Conversion of Expressions from Infix to Postfix Notation in C# – Part 2 Unary Operators

Conversion of Expressions from Infix to Postfix Notation in C# – Part 1

Conversion of Expressions from Infix to Postfix Notation in C# – Part 3 Custom Functions

Originally in the second part, I was going to add the ability to both evaluate expressions with the unary + and – and also build in support for functions. Due to time pressures I am going to have to save the addition of functions for part 3, but this will be added! Part 2 is going to concentrate on building in support for unary + and -.

What are Unary Operators

For an in-depth explanation you can read the Wikipedia article on this. You can see from the article that there are more unary operations than + and -, but these are the operators we are going to concentrate on supporting in our expression evaluator. Quite simply put, the expression -5 expresses negative 5. The expression 2 * -5 = -10. There is the concept of a unary +, so you could have the expression 2 * +5 = 10, but actually the unary + is not needed, because the 5 is assumed to be positive.

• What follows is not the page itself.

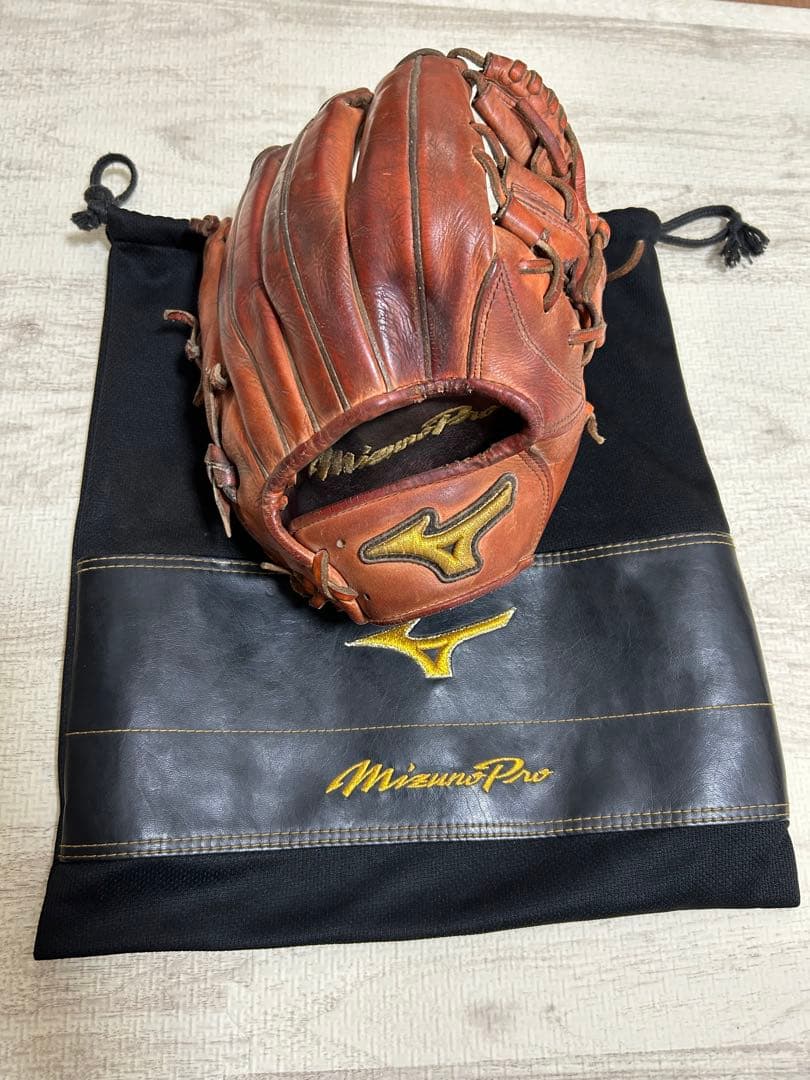 MizunoPro 硬式グローブ ブラウン 収納袋・硬式ボール付き 楽天市場】ミズノ MIZUNO 【専用グラブ袋付き】 ミズノプロ MizunoPro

Why Explicitly Support This in Code

So why are we having to explicitly build in support for this in our parser? If you look back at Part 1, the Shunting Yard algorithm for converting infix to postfix is explained. As it stands, the unary operators are going to confuse the code that converts the expression. If you consider the infix expression 2 * 5, this converts to a postfix expression of 25* and using our code to evaluate this causes no problems at all. If you add in the unary – our (2 * -5) our code converts this to a postfix expression of 2*5- and when we try to evaluate this, our code is going to get very confused, so we need to do something to the code that converts the expression from infix to postfix to stop the confusion.

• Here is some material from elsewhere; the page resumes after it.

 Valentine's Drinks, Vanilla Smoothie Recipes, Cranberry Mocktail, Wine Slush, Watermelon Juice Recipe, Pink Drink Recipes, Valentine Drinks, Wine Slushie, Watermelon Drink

So what can we do? I have read a couple of articles to see how people have got around this. The first piece of good news and really this is obvious, we can ignore the unary + as it serves no real purpose. We first need to think about how we decide if an operator is a unary operator and there are a some simple rules we can follow, these are:

  1. If the + or – is the first character in the infix expression, its assumed to be unary. E.g. -5 * 2
  2. If the + or – comes after another operator, its assumed to be unary. E.g. 5 * -2
  3. If the + or – comes after an opening parenthesis, its assumed to be unary. E.g. 1 + (-5  * 2)

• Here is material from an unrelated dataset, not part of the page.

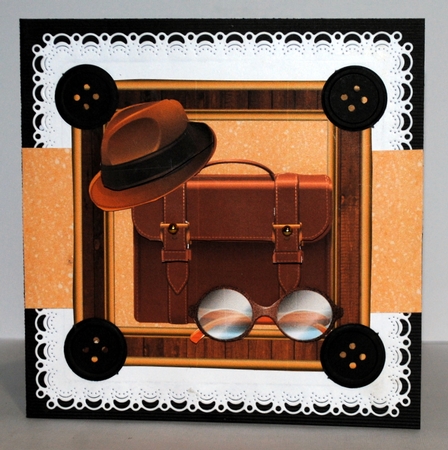 The Distinguished Fathers Day Hat & Bag 7x7 by Kristina Norbat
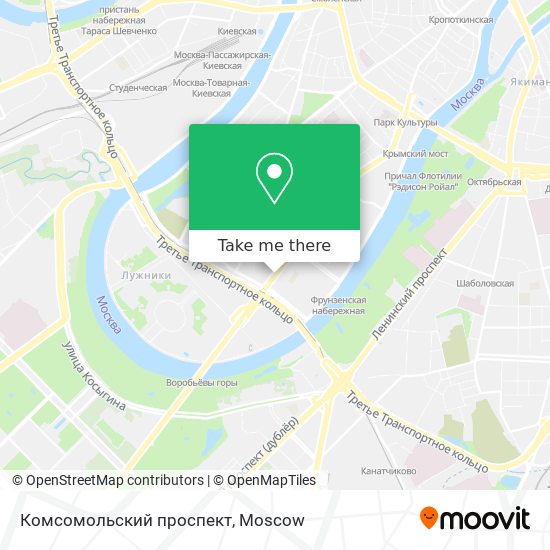 Комсомольский проспект map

So that’s our rules, what can we do in code. Well a lot of responses on forums have said to find out if the operator is unary and if its a + ignore it and if its a – replace it with another character such as # or ~. That’s fine and would overcome the issue, but we then need to really play around with our code, both the infix to postfix converter and evaluation code and I want to avoid this if possible as the code seems to work well, is there an alternative? Well, yes I think there is, lets see how we can convert a positive number to a negative using simple maths. To convert 5 to -5 I would normally say ‘multiply by -1’, 5 * -1 = -5, but that doesn’t help us as there is a unary – in the expression and that’s what we are trying to replace!! So we could always do 0 – 5 = -5, that gives us -5 quite nicely and if you think about our expression, gives us a clue as to what we can do. Lets look at our three rules above, could we not do the following and derive the same answers?

  1. -5 * 2 = (0 – 5) *2
  2. 5 * -2 = 5 * (0 – 2)
  3. 1 + (-5 * 2) = 1 + ( (0 – 5) * 2 )

So our solution would involve a slight code change, which would be to applied to our infix expression before it is converted to postfix.

  1. Look for a unary +, if its found, remove it from the infix expression as its not needed.
  2. Look for a unary -, if its found, insert a ( and a 0 before the unary – and a ) after the operand the unary minus applies to.

We would then have a valid infix expression with the unary operators removed but produces the same result when evaluated, but more importantly, we have an infix expression that still works with our postfix conversion code.

The Code!

Enough theory, lets put this into code! We’ve said that we need to do the above before the expression is converted to postfix, so we are either going to build the code into our InfixToPostfix method, or write a method to work on the expression but call it from the InfixToPostfix method. I’m going to follow the route of writing a method and call it.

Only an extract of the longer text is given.